**PROBLEM TO WORK ON**. Please print every record exactly as it stands, leaving out the pictures.

Image-caption web data:
------------------------------

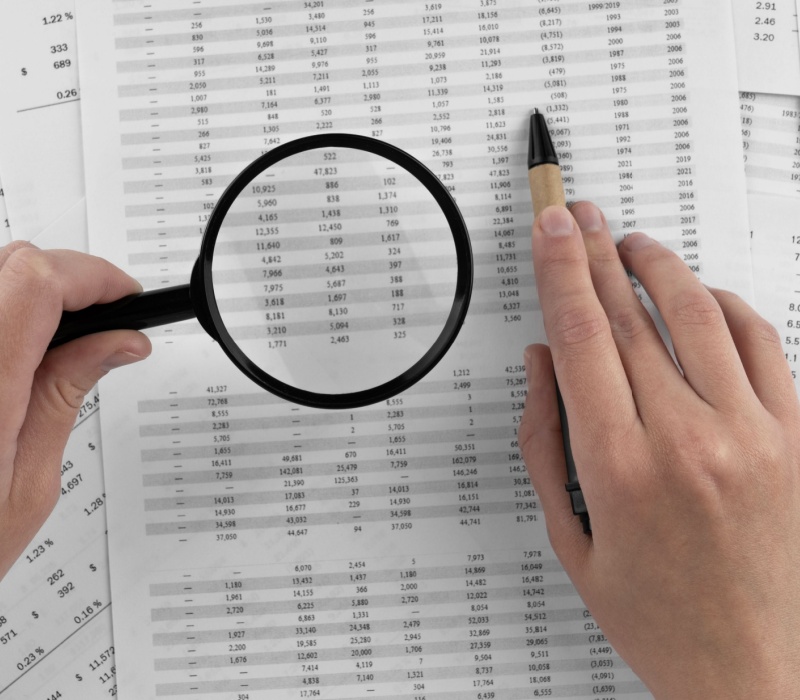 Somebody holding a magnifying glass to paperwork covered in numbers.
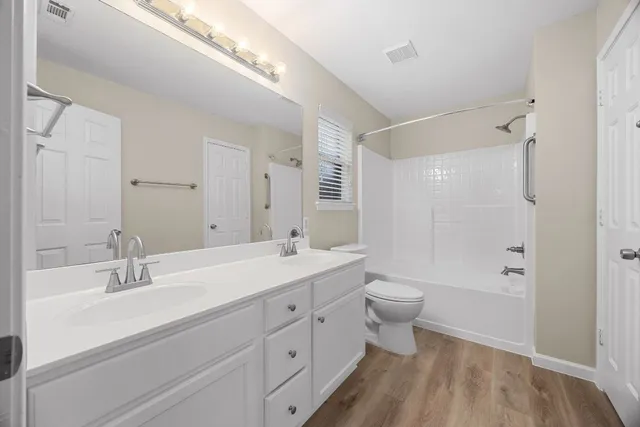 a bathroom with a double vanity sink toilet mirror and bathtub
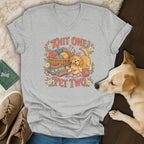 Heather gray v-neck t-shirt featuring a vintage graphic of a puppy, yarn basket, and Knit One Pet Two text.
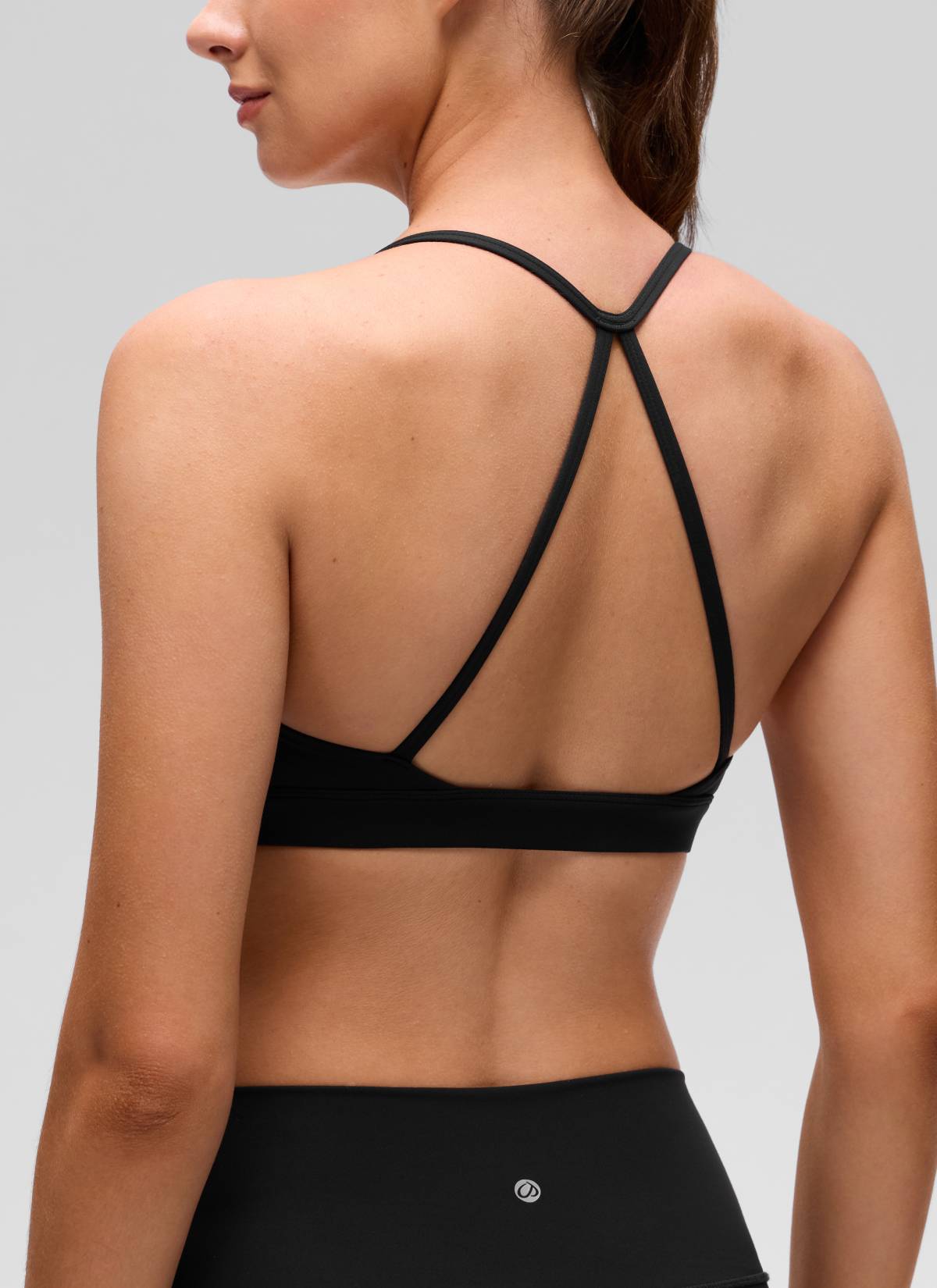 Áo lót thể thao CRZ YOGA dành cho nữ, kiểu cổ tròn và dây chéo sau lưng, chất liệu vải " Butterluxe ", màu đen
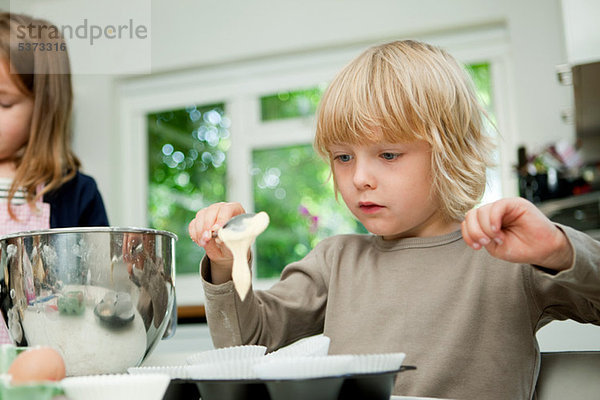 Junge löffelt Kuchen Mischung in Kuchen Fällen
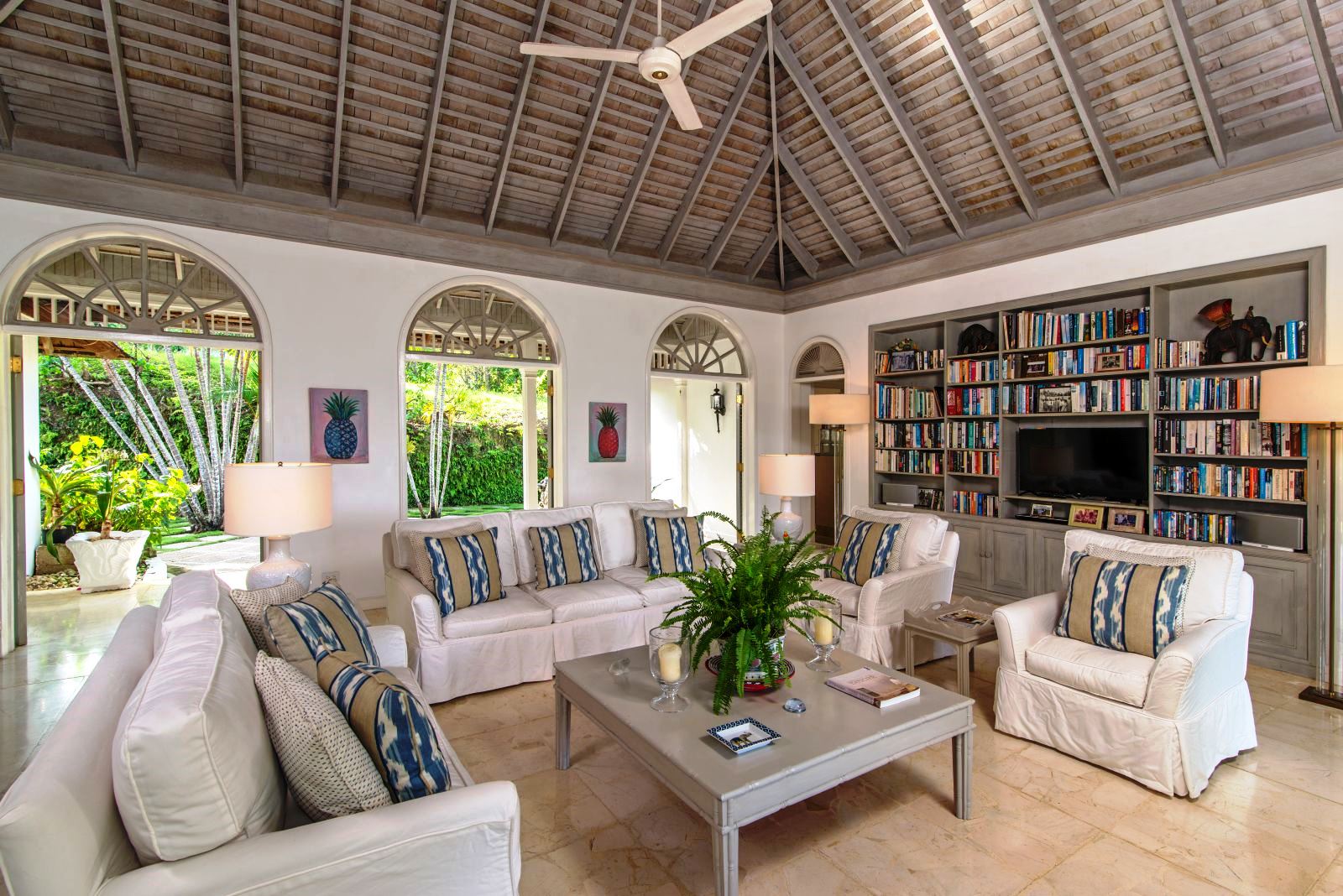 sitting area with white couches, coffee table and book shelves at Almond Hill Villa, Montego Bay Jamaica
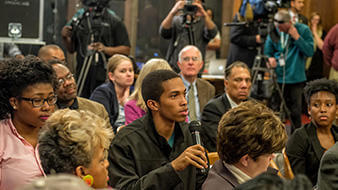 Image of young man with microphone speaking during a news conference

------------------------------

**ANSWER FOR THE TASK**.
 Somebody holding a magnifying glass to paperwork covered in numbers.
 a bathroom with a double vanity sink toilet mirror and bathtub
 Heather gray v-neck t-shirt featuring a vintage graphic of a puppy, yarn basket, and Knit One Pet Two text.
 Áo lót thể thao CRZ YOGA dành cho nữ, kiểu cổ tròn và dây chéo sau lưng, chất liệu vải " Butterluxe ", màu đen
 Junge löffelt Kuchen Mischung in Kuchen Fällen
 sitting area with white couches, coffee table and book shelves at Almond Hill Villa, Montego Bay Jamaica
 Image of young man with microphone speaking during a news conference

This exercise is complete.